**WHAT THIS TASK INVOLVES**
Would you reproduce exactly, and only, the lines starting at the one with "Photo 13 Citroën" and ending at the last line of the data, with both included? Leave the pictures out.

**MATERIAL FOR THIS EXERCISE**
┄┄┄┄┄┄┄┄┄┄┄┄┄┄┄┄┄┄┄┄

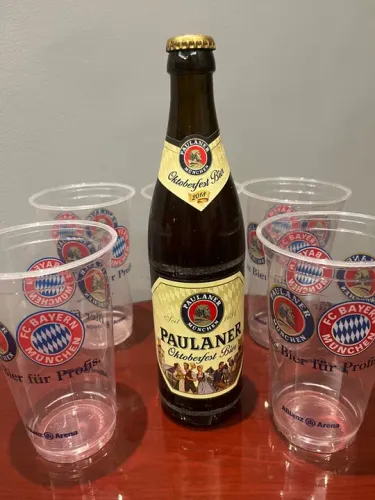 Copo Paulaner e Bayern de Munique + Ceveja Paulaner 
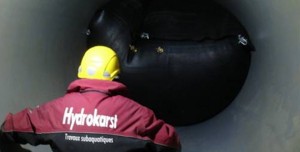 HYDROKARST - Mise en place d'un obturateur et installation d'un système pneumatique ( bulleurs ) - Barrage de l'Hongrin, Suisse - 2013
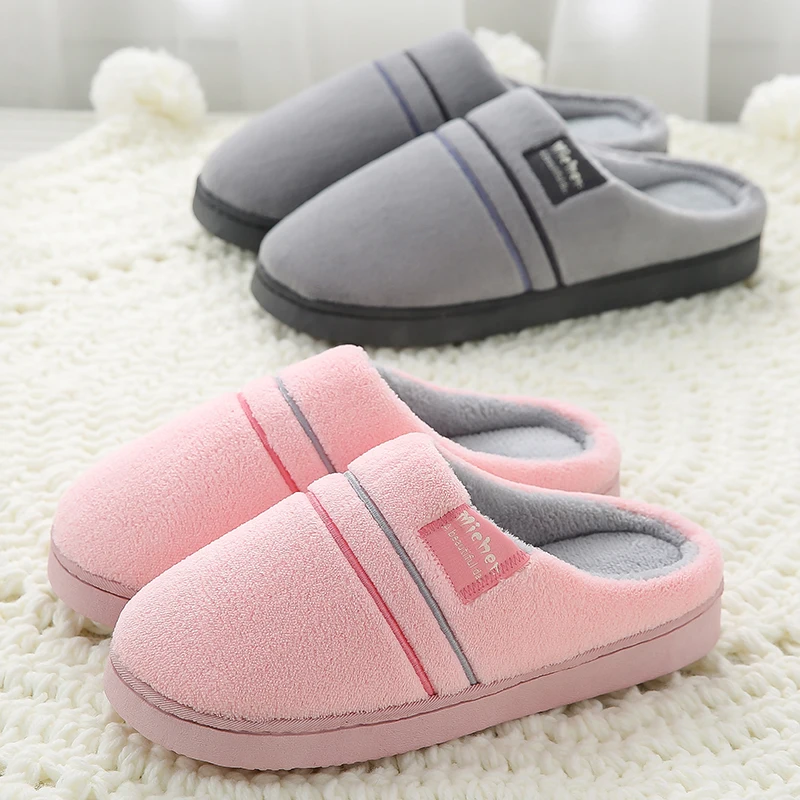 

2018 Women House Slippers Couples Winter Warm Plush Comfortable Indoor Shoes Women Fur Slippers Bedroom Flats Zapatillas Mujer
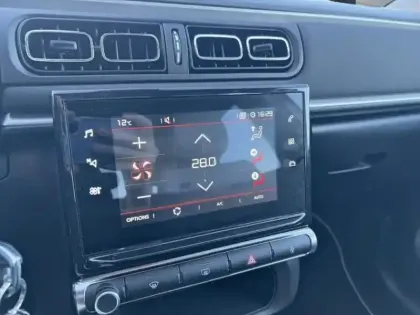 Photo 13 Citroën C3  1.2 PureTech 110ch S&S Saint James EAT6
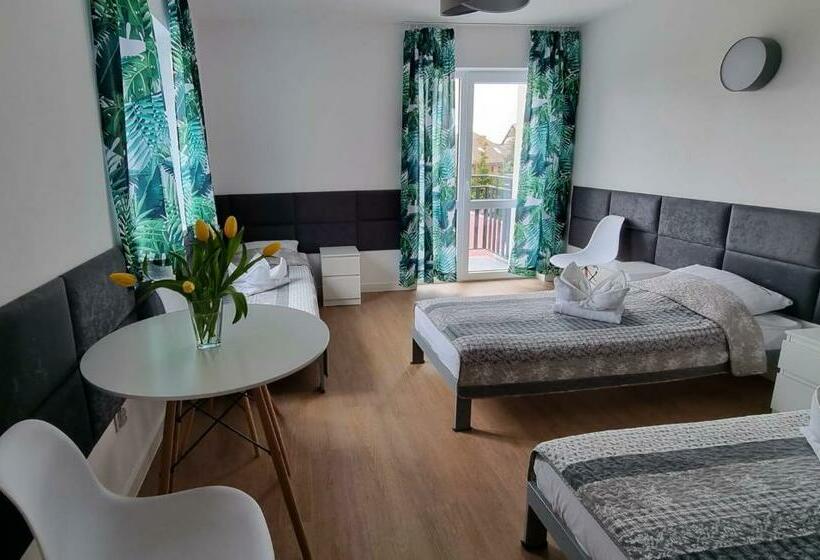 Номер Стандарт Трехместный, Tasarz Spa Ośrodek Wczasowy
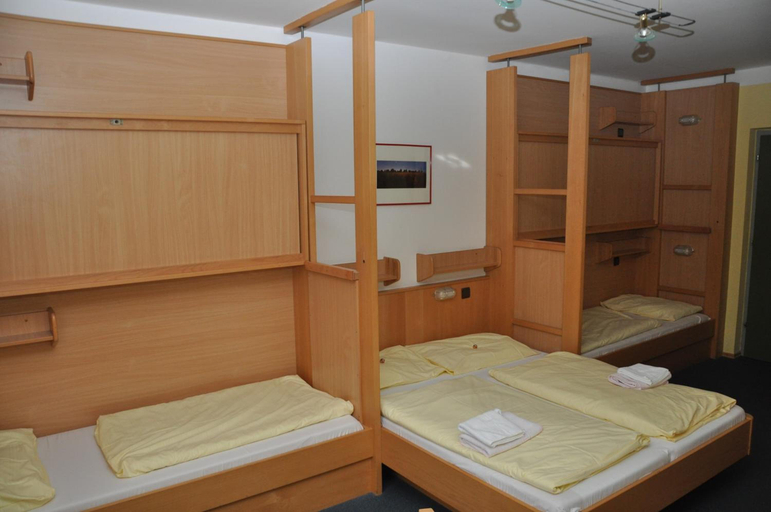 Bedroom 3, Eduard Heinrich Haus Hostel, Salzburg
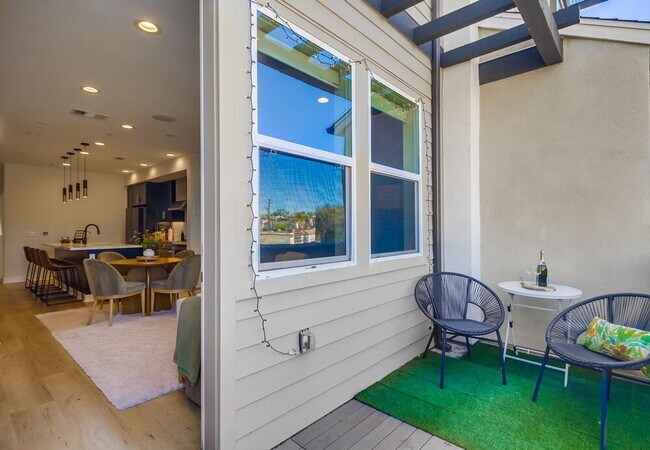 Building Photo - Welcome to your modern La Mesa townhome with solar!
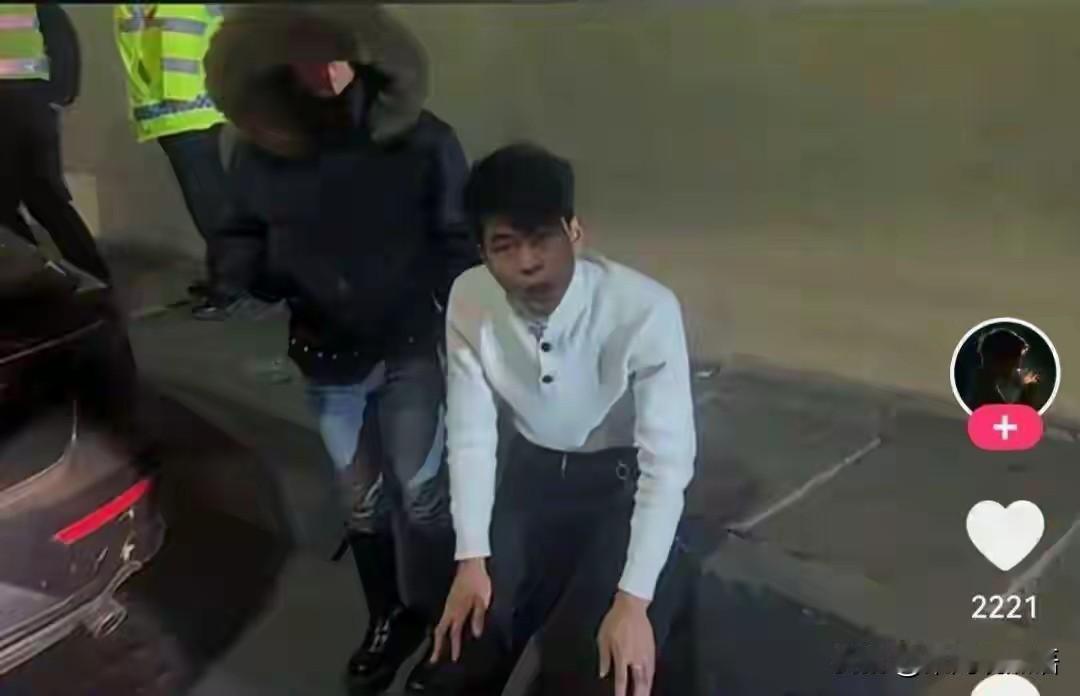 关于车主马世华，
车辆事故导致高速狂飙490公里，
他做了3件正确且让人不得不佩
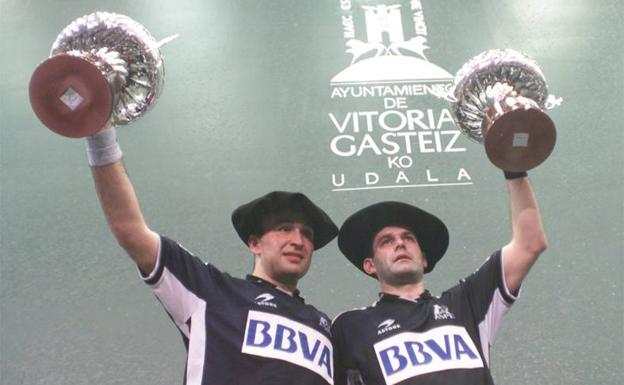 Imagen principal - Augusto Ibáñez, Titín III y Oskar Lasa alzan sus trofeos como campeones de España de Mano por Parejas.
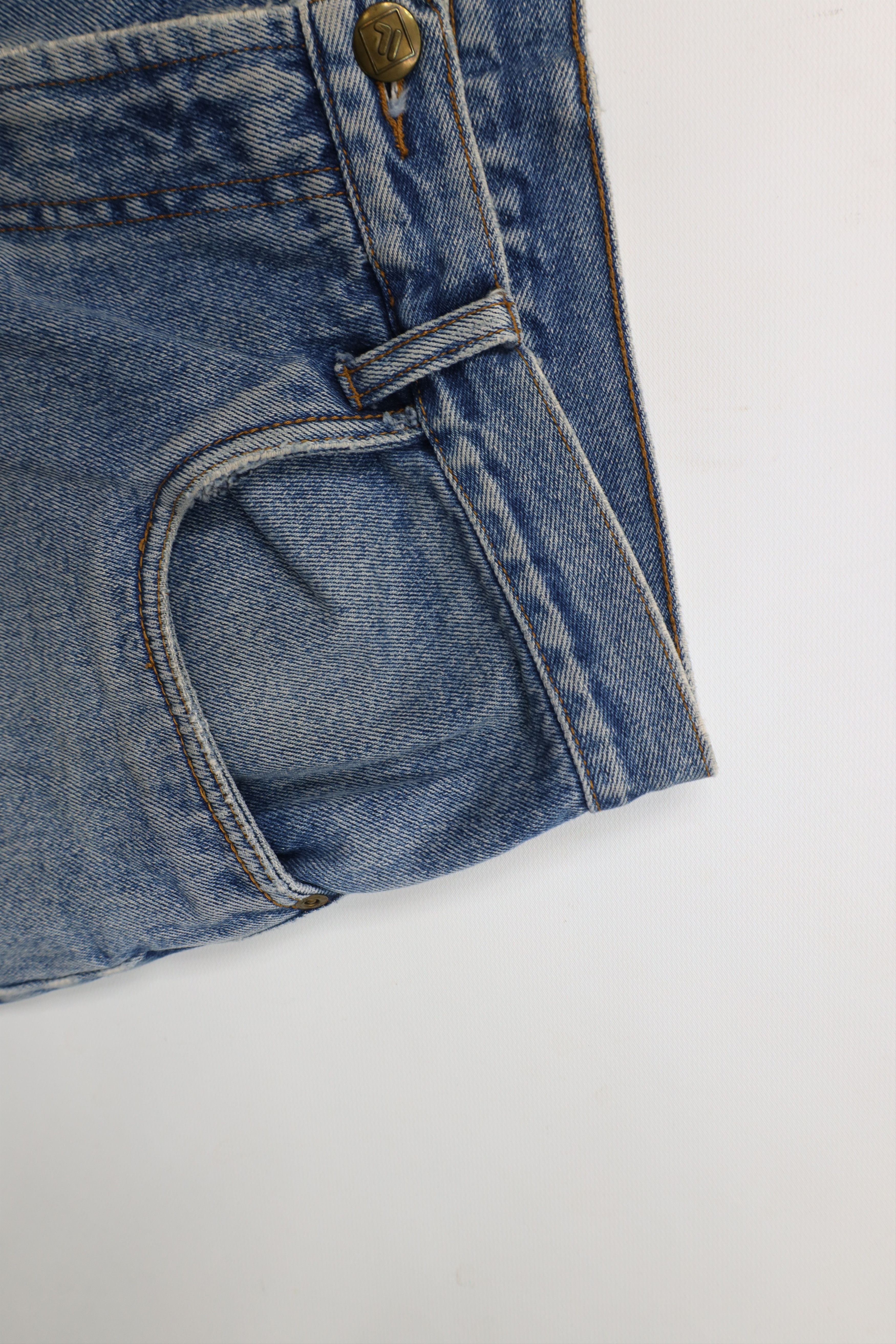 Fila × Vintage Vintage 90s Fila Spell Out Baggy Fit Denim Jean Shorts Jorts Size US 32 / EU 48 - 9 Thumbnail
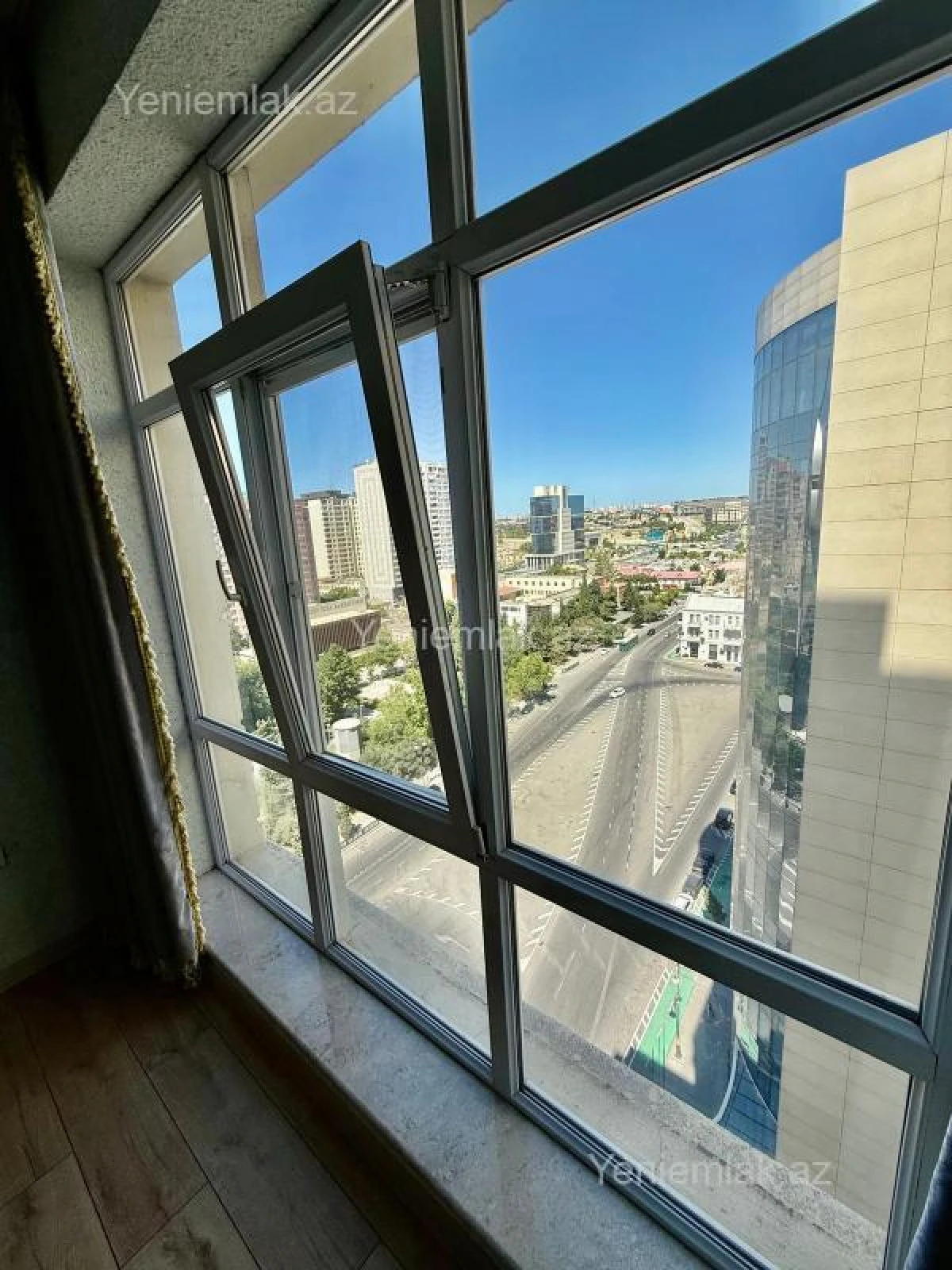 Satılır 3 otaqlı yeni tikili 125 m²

┄┄┄┄┄┄┄┄┄┄┄┄┄┄┄┄┄┄┄┄

**WRITTEN SOLUTION**
 Photo 13 Citroën C3  1.2 PureTech 110ch S&S Saint James EAT6
 Номер Стандарт Трехместный, Tasarz Spa Ośrodek Wczasowy
 Bedroom 3, Eduard Heinrich Haus Hostel, Salzburg
 Building Photo - Welcome to your modern La Mesa townhome with solar!
 关于车主马世华，
车辆事故导致高速狂飙490公里，
他做了3件正确且让人不得不佩
 Imagen principal - Augusto Ibáñez, Titín III y Oskar Lasa alzan sus trofeos como campeones de España de Mano por Parejas.
 Fila × Vintage Vintage 90s Fila Spell Out Baggy Fit Denim Jean Shorts Jorts Size US 32 / EU 48 - 9 Thumbnail
 Satılır 3 otaqlı yeni tikili 125 m²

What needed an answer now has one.